Material provided by NOAA National Marine Fisheries Service, Rich Press
Data from the satellite tag should help scientists understand what habitats loggerheads use and how to more effectively protect this endangered species
Fifty miles out to sea from San Diego, in the middle of April, under a perfectly clear blue sky, NOAA Fisheries scientists Tomo Eguchi and Jeff Seminoff leaned over the side of a rubber inflatable boat and lowered a juvenile loggerhead sea turtle into the water. That turtle was a trailblazer—the first of its kind ever released off the West Coast of the United States with a satellite transmitter attached.

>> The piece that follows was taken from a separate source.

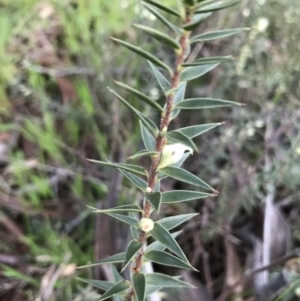 Melichrus urceolatus at Symonston, ACT - 1 Oct 2021 05:42 PM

Once he was in the water, the little guy—“he’s about the size of a dinner plate,” Seminoff said—paddled away to begin a long journey. He’s been beaming back his location ever since.
That location data will help scientists answer some very important questions about this endangered species.

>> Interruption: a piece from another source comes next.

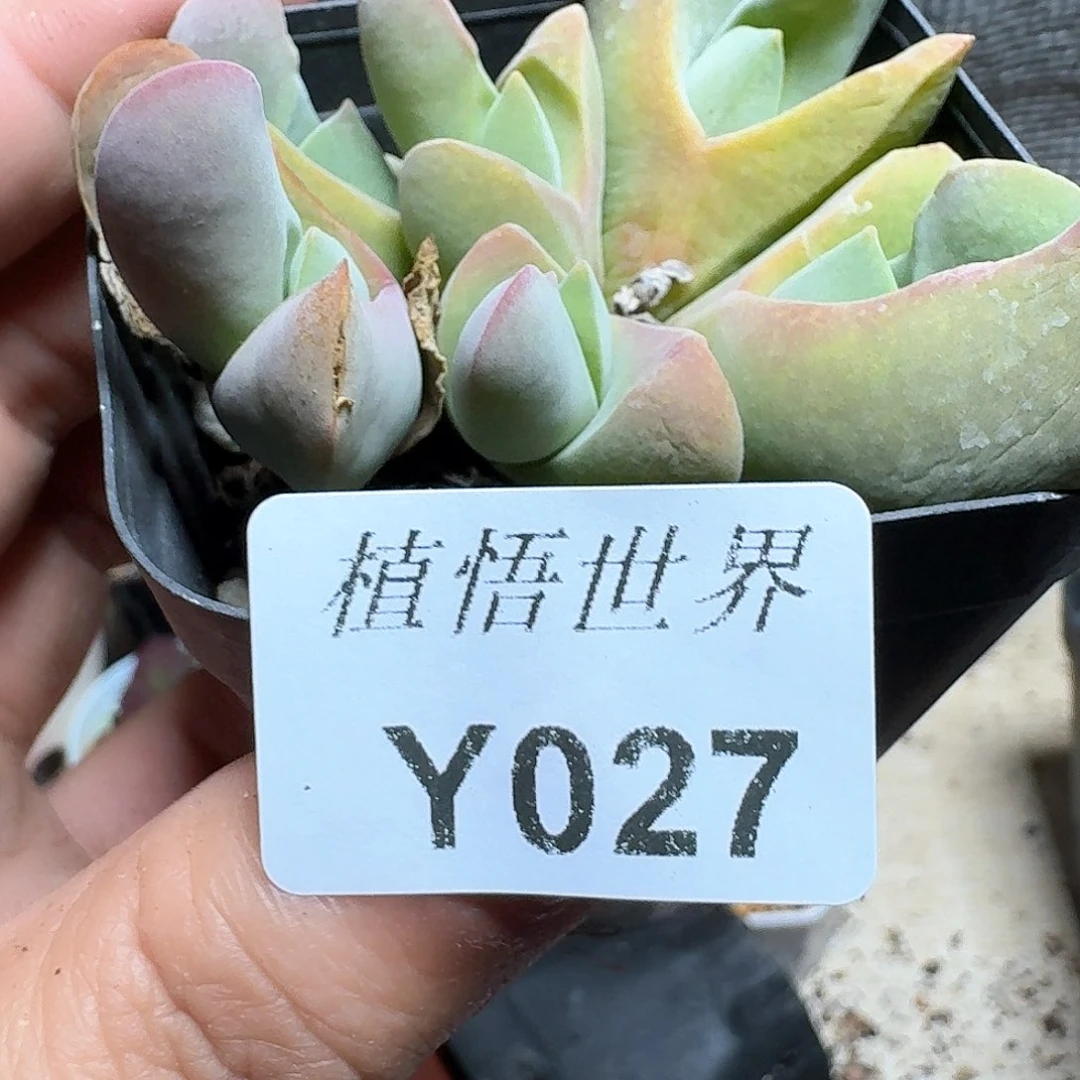 027号多肉植物哇f g g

“We know that there are juvenile loggerheads in this part of the Pacific, but they’re small and very hard to spot,” Eguchi said. “So we don’t have good data on what types of habitat they’re using.”
Part of the reason for the mystery is that, although scientists have long been tagging adult sea turtles, the transmitters have only recently been made small enough to attach to juvenile sea turtles. Today, new tagging methods are quickly shedding light on what scientists once called the “lost years”—the early years of a sea turtle’s life when their migration patterns were mostly unknown.
Scientists have known for a while, however, that juvenile loggerheads sometimes use the same habitat as swordfish, especially when the water becomes unusually warm. They know this because loggerheads are occasionally caught in the gillnets used by swordfish fishermen.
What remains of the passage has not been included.